[The data — start]

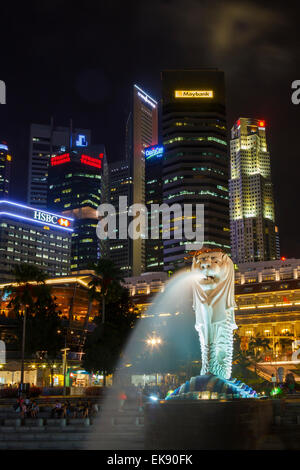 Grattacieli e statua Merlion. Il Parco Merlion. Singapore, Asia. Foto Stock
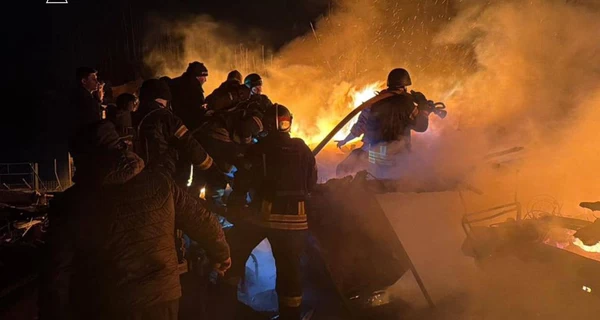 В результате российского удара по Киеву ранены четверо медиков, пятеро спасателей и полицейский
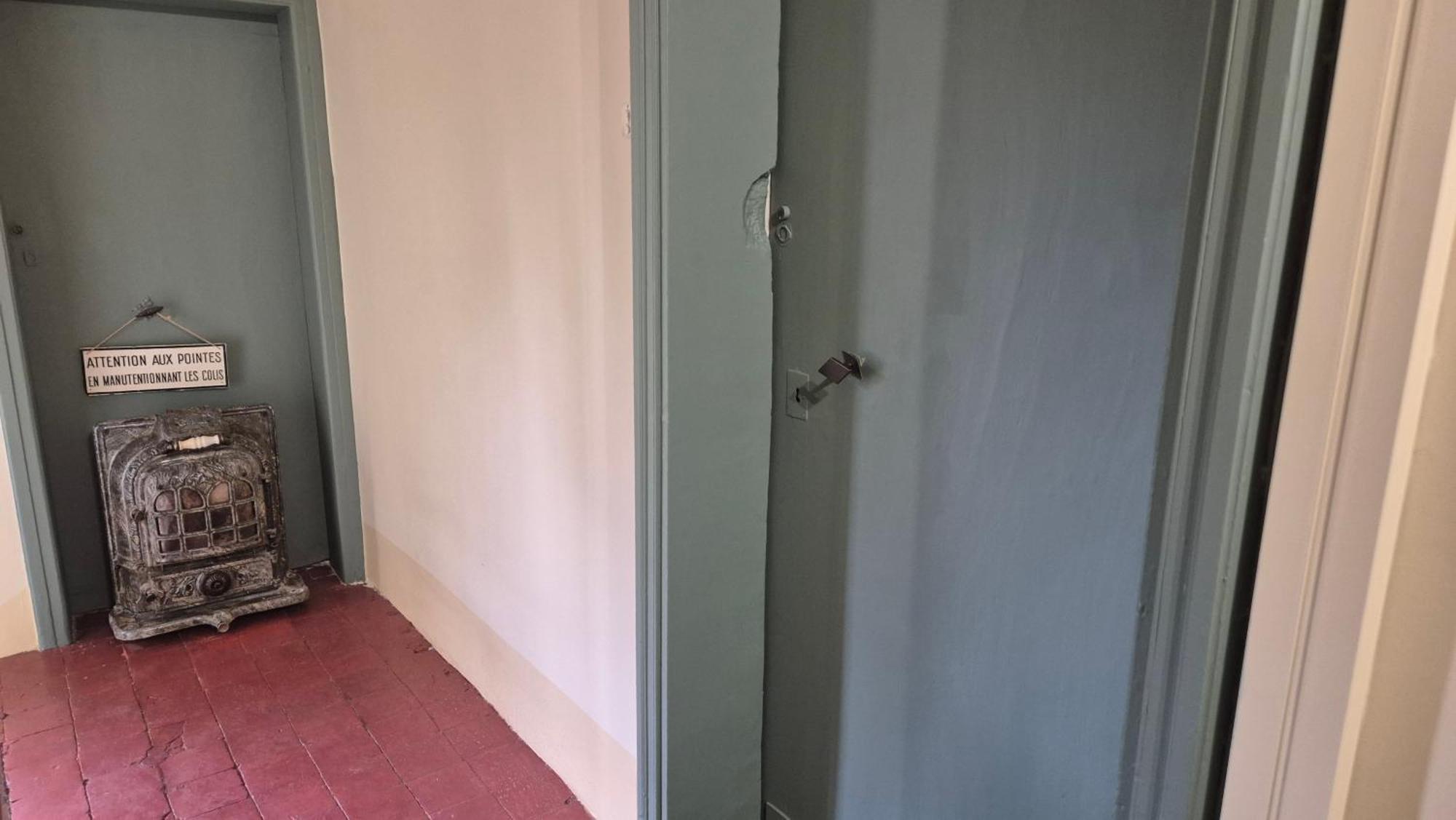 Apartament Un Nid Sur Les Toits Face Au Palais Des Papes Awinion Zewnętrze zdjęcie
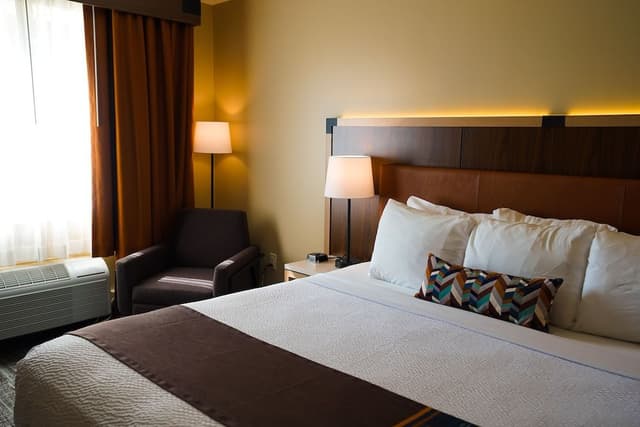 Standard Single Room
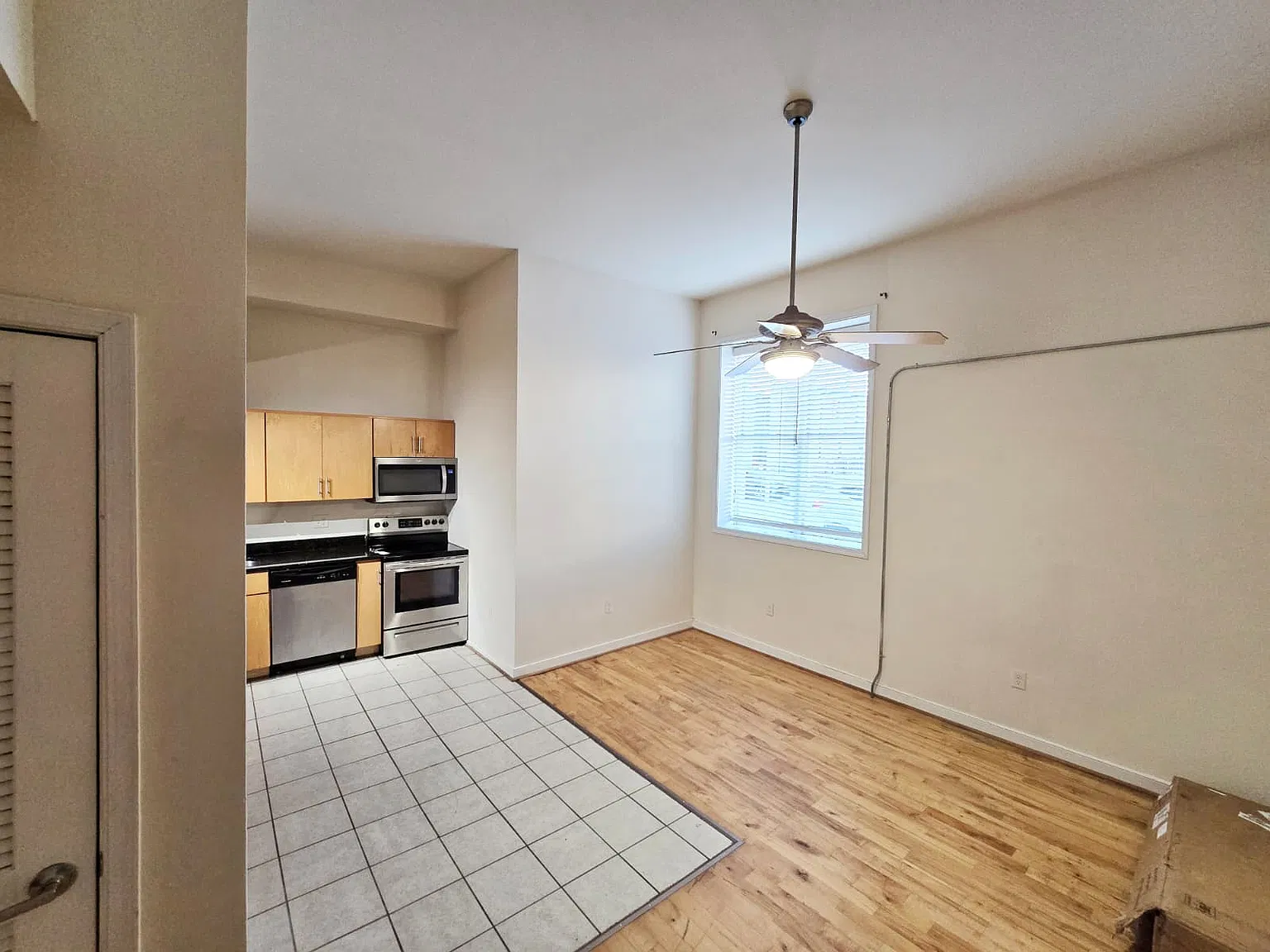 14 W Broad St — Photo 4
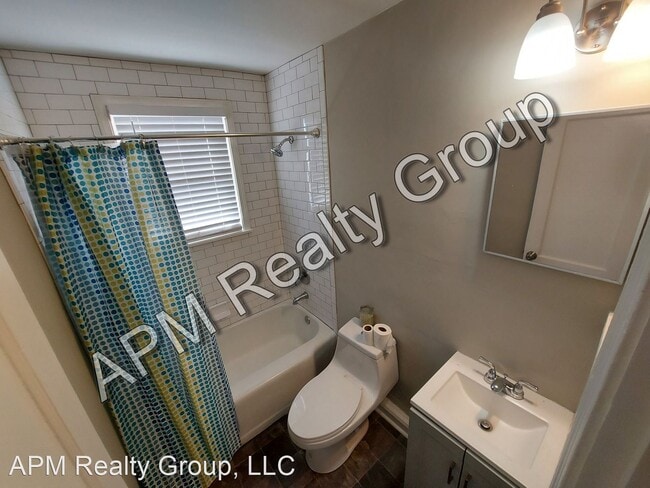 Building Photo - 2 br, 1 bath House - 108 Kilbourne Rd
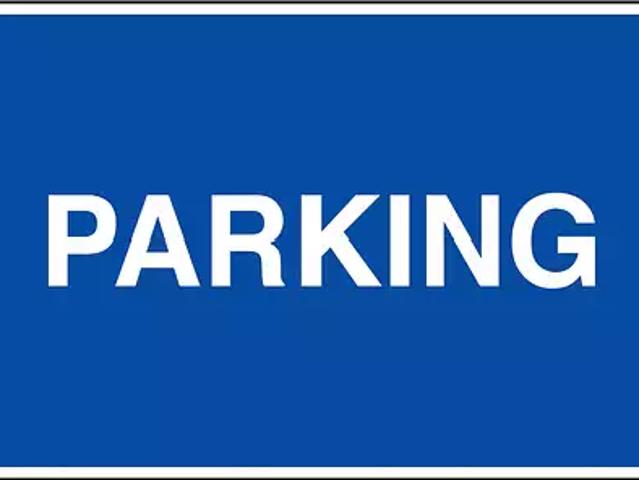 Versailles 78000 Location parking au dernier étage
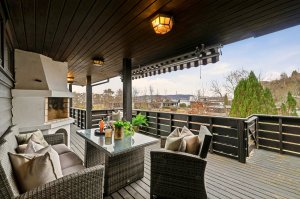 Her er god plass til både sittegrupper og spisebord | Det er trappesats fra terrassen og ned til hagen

[The data — finish]

Description of the task –
Every line from the one with "Building Photo - 2" through the last line of the material gets printed exactly, and nothing more. Omit the pictures.

Exercise result –
 Building Photo - 2 br, 1 bath House - 108 Kilbourne Rd
 Versailles 78000 Location parking au dernier étage
 Her er god plass til både sittegrupper og spisebord | Det er trappesats fra terrassen og ned til hagen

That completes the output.